Jenny writes about snacks. She rightly ridicules snacks trying too hard to be health food.

But the other end of the spectrum alarms me. I’ve noticed that at the grocery store, there are some sections I almost never visit, and when I do, I am astounded at the shit that people are evidently cramming down their gullets. Many of these products seem to be ways to extend existing manufactured food products (or at least brand names) into new niches–especially to make condiments into standalone food items, to make messy food more portable, and to claim as much shelf space as possible in an arms race of product diversification between food-manufacturing conglomerates. In the dairy section, Philadelphia-brand cheesecake bars. Tubes of yogurt–called “gogurt” if I recall correctly–that you rip open and squeeze into your mouth (I am guessing the beneficial lactobacillus has been killed in these).
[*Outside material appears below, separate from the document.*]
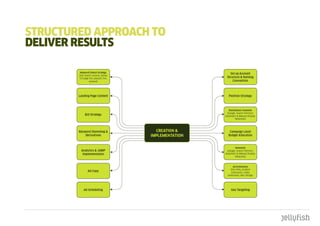 StRuctuREd appROacH tO
dELIVER RESuLtS
 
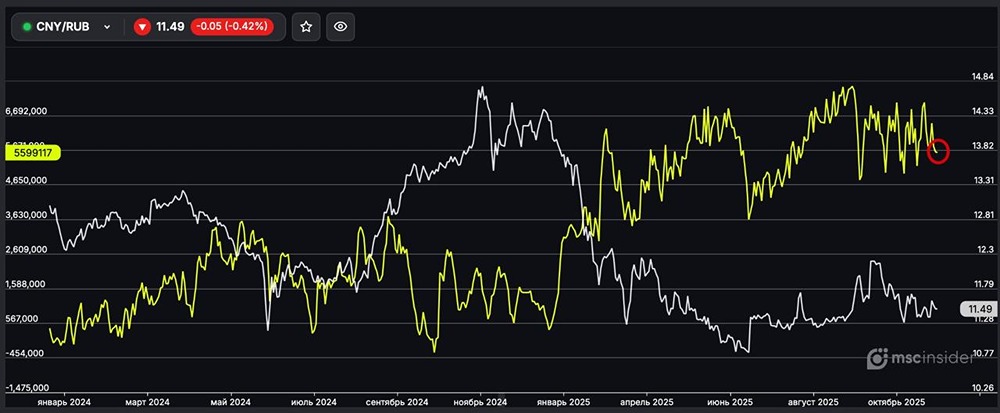 Почему частные инвесторы сокращают длинные позиции по юаню — анализ рынка?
In the frozen-foods section, Sara Lee (I think) cheesecake “bites”. Tubes of pudding that you freeze. Cookie-dough-flavored snack food–how incredibly perverse! Eggo waffles made with Fruit Loops. Brightly packaged string-cheese logs, cheese niblets in a can, and so on. Potato chips intended to taste like baked potatoes smothered with condiments.

An analogous trend is found among hard-liquor companies producing malt beverages (ie, beer) that’s been de- and re-flavored to taste like a margarita, rum-and-coke, or whatever.
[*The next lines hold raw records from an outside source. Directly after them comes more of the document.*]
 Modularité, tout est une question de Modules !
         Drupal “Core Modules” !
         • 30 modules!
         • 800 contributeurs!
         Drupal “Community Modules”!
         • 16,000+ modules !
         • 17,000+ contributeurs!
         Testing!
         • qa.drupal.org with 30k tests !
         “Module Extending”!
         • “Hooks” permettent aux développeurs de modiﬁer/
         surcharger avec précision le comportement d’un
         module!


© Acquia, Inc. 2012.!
3 thoughts on “Snackorama”

  1. What, you got somethin against cookie-dough snacks?! Perverse, si. One of my new staple food groups … uh, si again.

    OTOH, I DESPISE pectin-enhanced, killed-lactobacillus yogurt. What is the fucking POINT?! And those dinky plastic containers it tends to come in, ugh. Way too high on the landfill-to-food-value ratio.
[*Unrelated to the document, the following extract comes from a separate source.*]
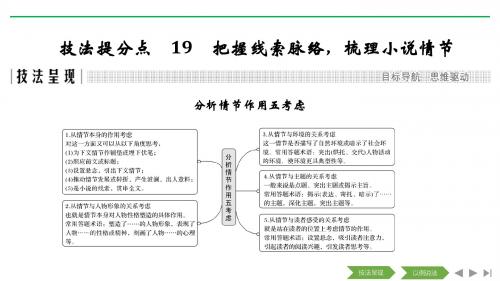 2019高考语文二轮培优江苏专用课件：第三部分+专题一+小说+技法提分点19
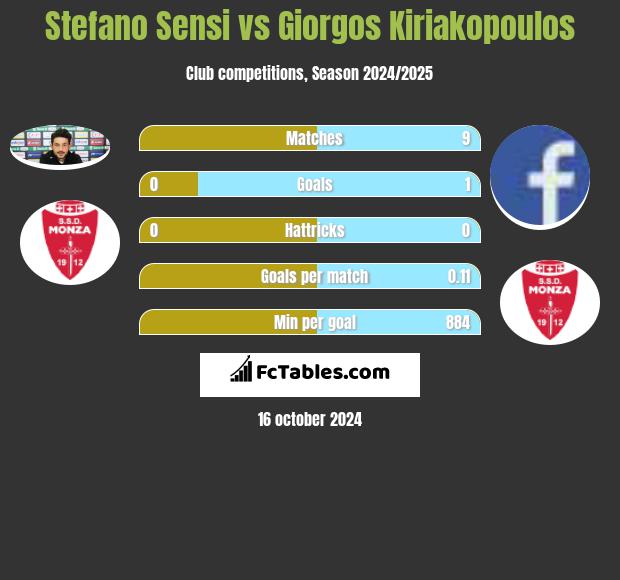 Stefano Sensi vs Giorgos Kiriakopoulos h2h player stats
  2. The radio keeps advertising a concoction called Gruv “the energy drink with alcohol.” (Unfortunately, I’m unable to find a site about it online.) Apparently, its like a wine cooler with Ginseng, Vitamin B, and other stuff that probably shouldn’t go with a distilled malt beverage. I suppose Miller is trying to capitalize on the Red-Bull-and-vodka craze, but I get a good laugh each time I hear “energy drink with alcohol.”

  3. Gogurt? It was a passing fad/staple for the younger set here in the Hobrtaschk household. Once they got big enough that it became apparent that the quantity was less than satisfying, they stopped liking it so much. OK, we stopped buying it when it became apparent that it took two or three to satisfy growing appetites.

    But as far as I could tell, it was yougurt like any other yogurt … yummy lactobacillus included.